_INSTRUCTIONS FOR THE TASK_.
Your copy should hold only the lines from the one with "The tall building is at the end of the block" to the one with "Glossy black patent", both included, each exactly as it stands below, with no pictures.

_PROVIDED DATA_.
=== Begin Enclosure ===

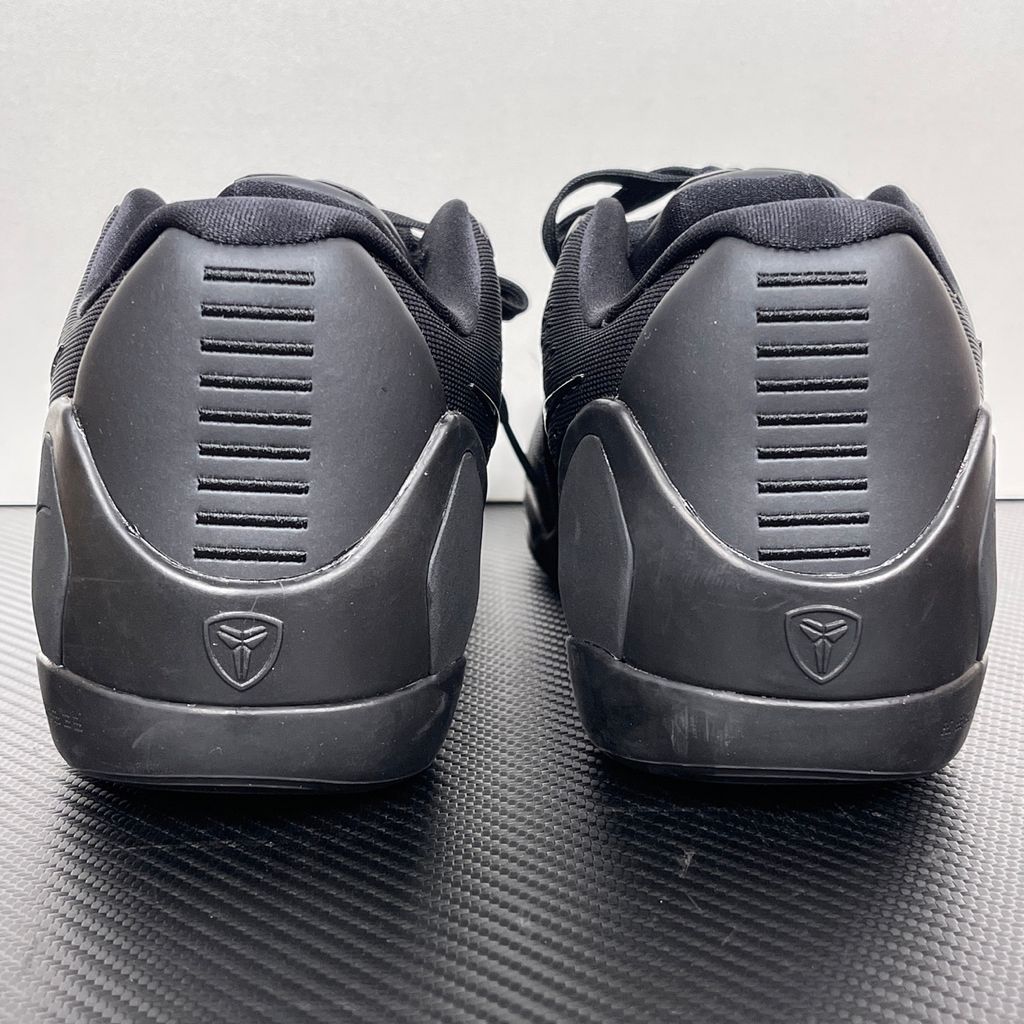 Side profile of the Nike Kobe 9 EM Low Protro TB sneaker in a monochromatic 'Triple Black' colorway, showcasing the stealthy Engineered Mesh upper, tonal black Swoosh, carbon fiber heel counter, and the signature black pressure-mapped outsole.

=== End Enclosure ===
=== Begin Enclosure ===

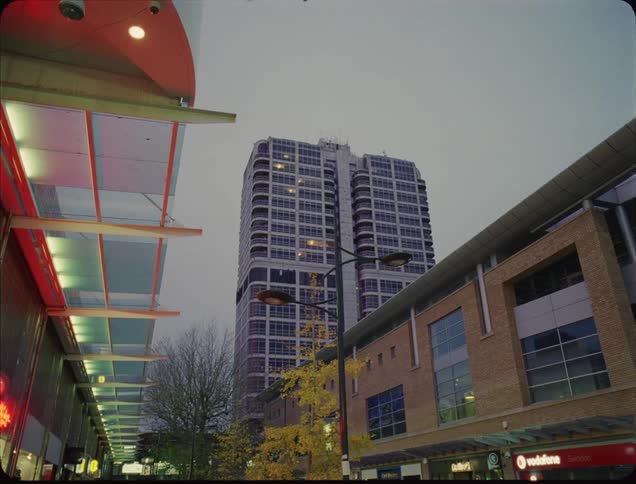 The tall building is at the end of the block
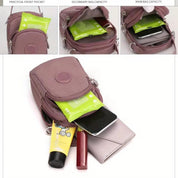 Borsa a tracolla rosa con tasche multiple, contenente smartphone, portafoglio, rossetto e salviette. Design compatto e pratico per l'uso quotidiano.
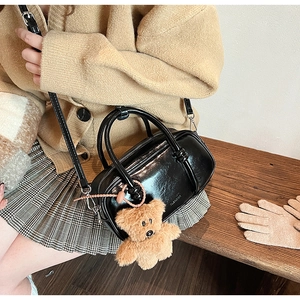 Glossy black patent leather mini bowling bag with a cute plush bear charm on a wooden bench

=== End Enclosure ===
=== Begin Enclosure ===

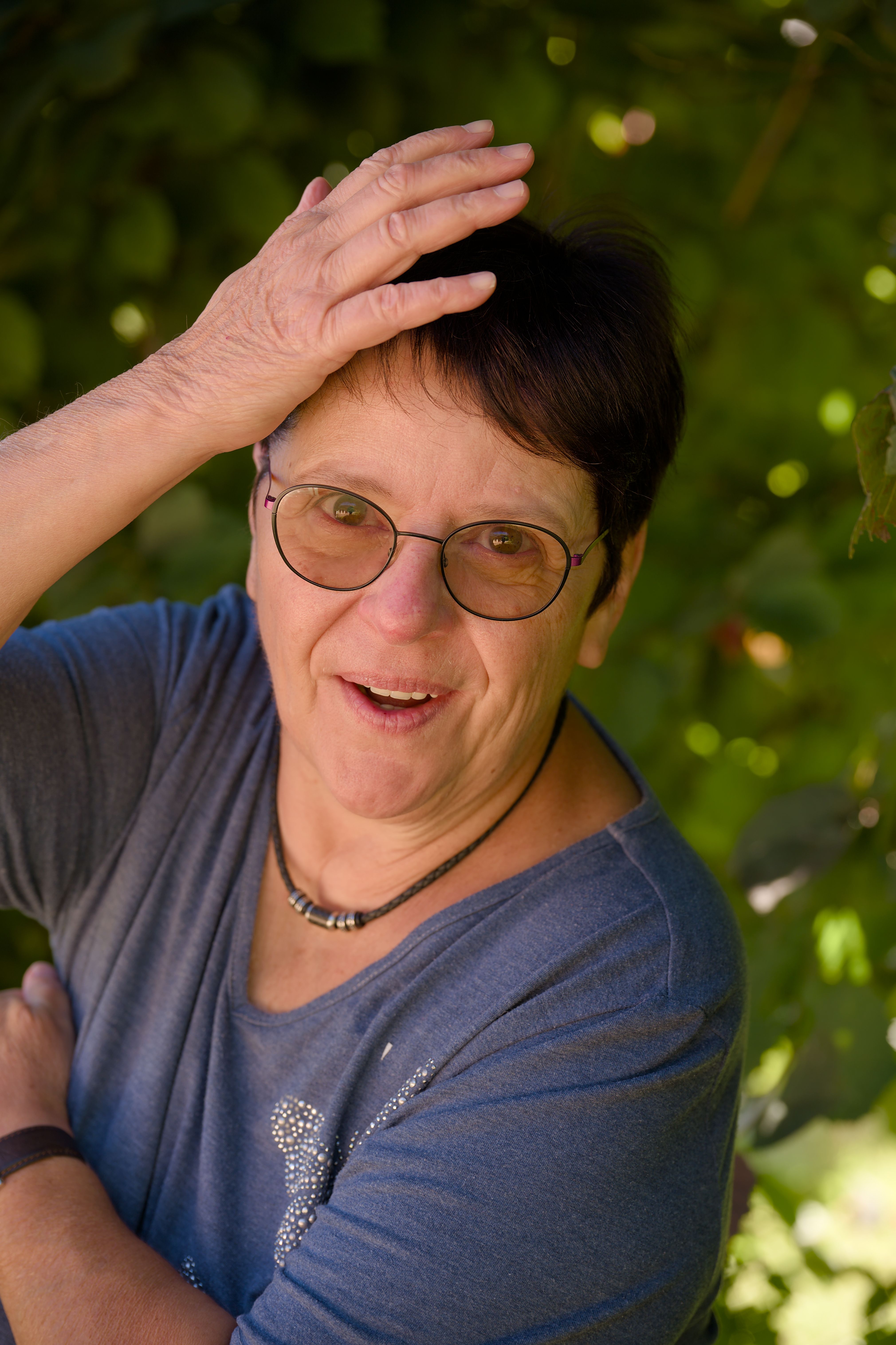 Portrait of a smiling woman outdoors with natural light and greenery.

=== End Enclosure ===

_RESPONSE FOR THIS EXERCISE_.
 The tall building is at the end of the block
 Borsa a tracolla rosa con tasche multiple, contenente smartphone, portafoglio, rossetto e salviette. Design compatto e pratico per l'uso quotidiano.
 Glossy black patent leather mini bowling bag with a cute plush bear charm on a wooden bench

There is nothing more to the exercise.